Try it
Starting at the line that contains "Veste etudiante americaine varsity Vignette" and stopping at the line that contains "Beloved Rose Promise Ring", transcribe every line of the material below exactly; pictures stay out.

Material provided Block Start

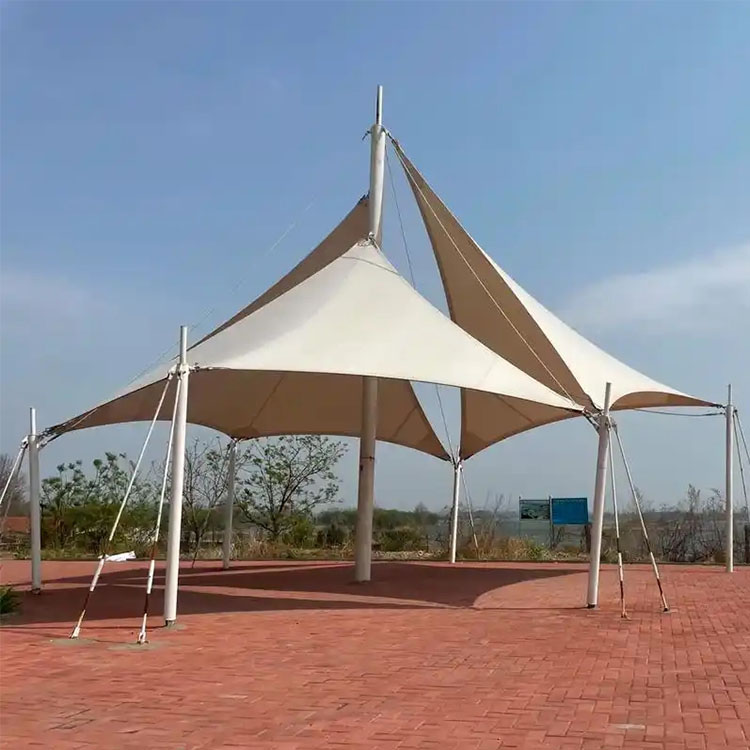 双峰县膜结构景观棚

Material provided Block End
Material provided Block Start

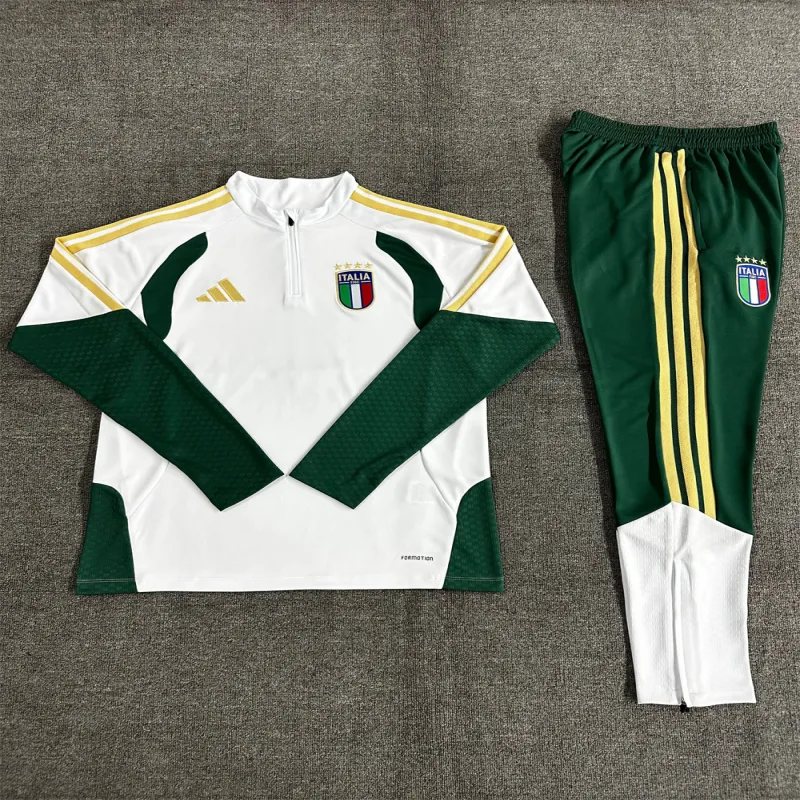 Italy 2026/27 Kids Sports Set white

Material provided Block End
Material provided Block Start

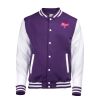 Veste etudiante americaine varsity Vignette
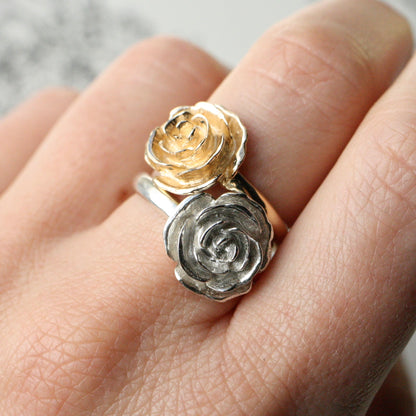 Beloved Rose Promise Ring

Material provided Block End

Reply to the exercise
 Veste etudiante americaine varsity Vignette
 Beloved Rose Promise Ring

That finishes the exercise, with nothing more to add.